Bir minik su damlası vuruyor güneşin doğmaya mecali olmadığı pencereme.
İki
Üç.
Yağmurun sesi kulaklarımda, hissini hiç sorma.
Zaman çirkin küçük,
yağmur temizlemeye yetmiyor artık sokaklarını bu kentin.
Zaman çirkin, yerler kan revan. İnsanı insanını sevmiyor bu kentin.
Gidenlerin acısına gelenlerin tuzu yaramıyor.
Yara bandı nesli tükeniyor.
Gelenler hep aratıyor gidenleri.
Daha kötü olmaz diyorsun.
Daha kötü ne olabilir?
Acımaz diyorsun.
Daha fazla nasıl acıyabilir?
Yaranın bir fazlası ölüm.
Bir ceset nasıl nefes alabilir?
Oluyor küçük.
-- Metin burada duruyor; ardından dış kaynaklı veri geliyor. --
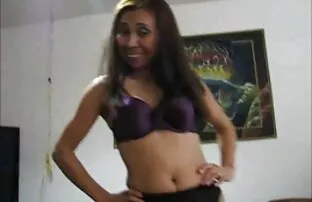 Szőke test egy leopárd apa és lánya szex videók ruha egy vagyont, hogy párosodjon egy férfival.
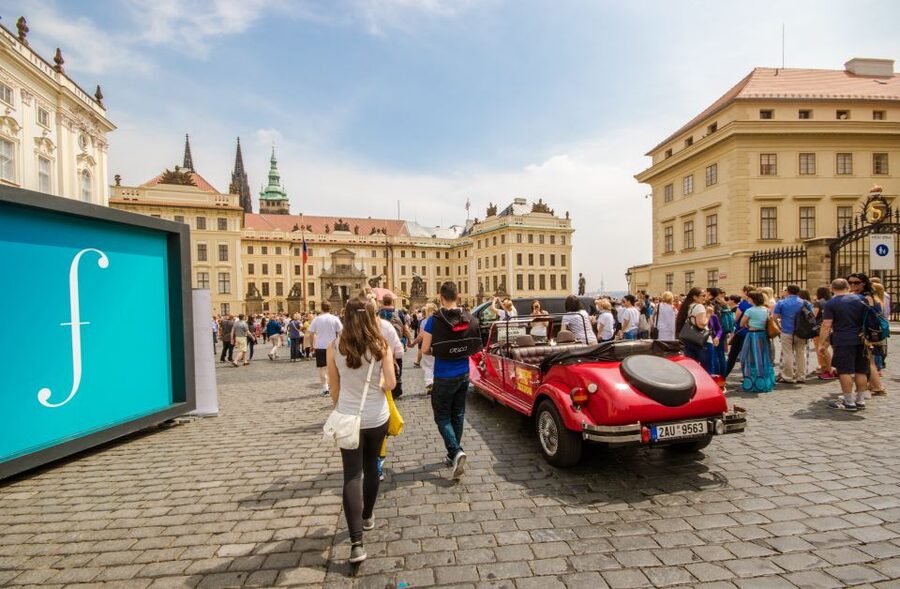Prague: Guided Bus & Walking Tour with River Cruise & Lunch - Guides, group size, and the pacing you should expect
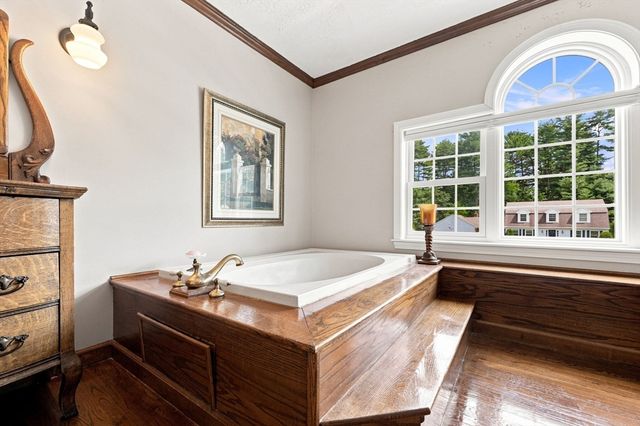 27 Shirley St, Wilbraham, MA 01095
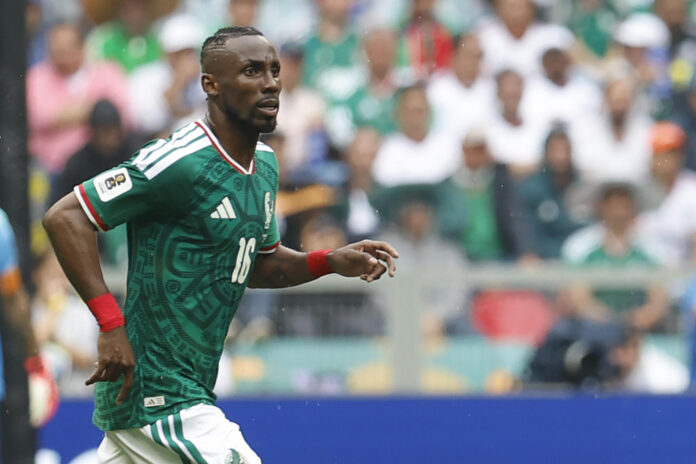 Julián Quiñones de México celebra un gol este jueves, durante un partido del grupo A del Mundial de la FIFA 2026 entre México y Sudáfrica en el estadio Ciudad de México (México). EFE/ Sashenka Gutiérrez
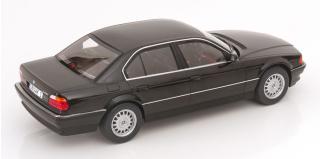 BMW 740i E38 schwarzmetallic KK-Scale 1:18 Metallmodell (Türen, Motorhaube... nicht zu öffnen!)
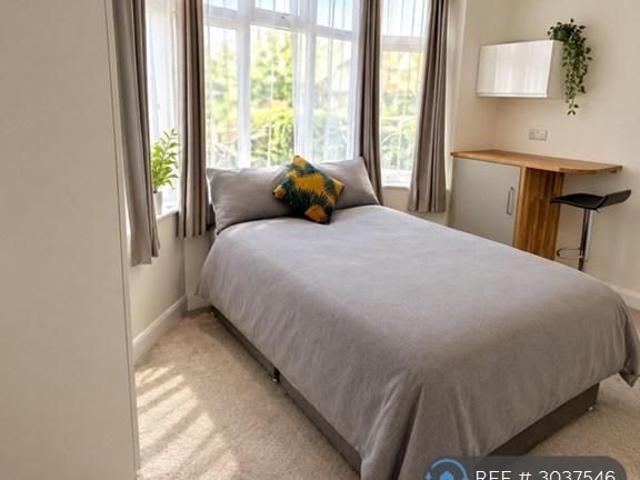Room for rent in Talbot Village, Bournemouth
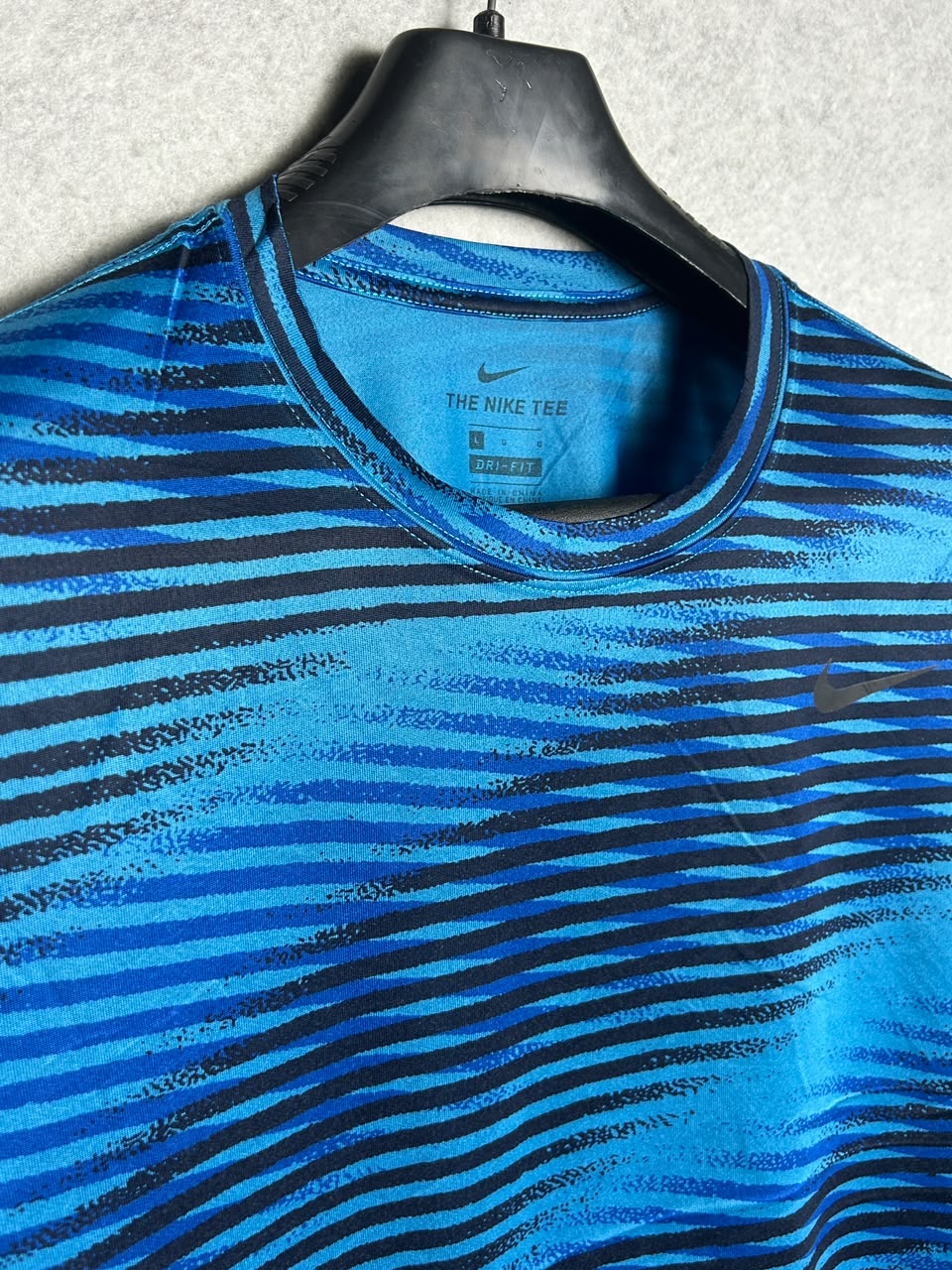 The Nike Tee Dri Fit Round Neck - Large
Daha kötü, daha acı.
Daha fazla götürüyor kan gövdeyi, bedeni, yüreği.
Kalan sağları dahi bizim değil, neresinden tutarsın bu şehri?
Kalabalığın içinde bomboş ellerim.
Kendine yabancı, kendine muhalif bedenim.
‘Yalnızlığın sesinden bir resim yapan’ şaire düştü fikrim.
Karanlık kalabalıklardan süzemiyorum ışığı.
Resmim acemi bir sanat artığı.
Sabahın eli kulağında ki ne fayda. Işığa kayıtsız gözlerim.
Hangi umuda bu yolculuk? Hangi elmanın cezası boynumda?
Sağıra şiir okuyor, köre dans ediyorum.
Vedaya hazır umudum inceliğimi örtüyor, seçilmiş yalnızlık donuk bakışlarımda.
Ve ben yine, en zayıf yerimden vuruluyorum.
Zaman acımasız küçük.
Bir hasret ki sorma eskiye, yeniye gücümüz yetmiyor.
Yıllar geçtikçe, yerimizde sayar olduk.
Adımlarımız baş aşağı.
‘O kadar çok şey geçti ki gözlerimizin önünden, sonunda hiçbir şey göremez olduk.’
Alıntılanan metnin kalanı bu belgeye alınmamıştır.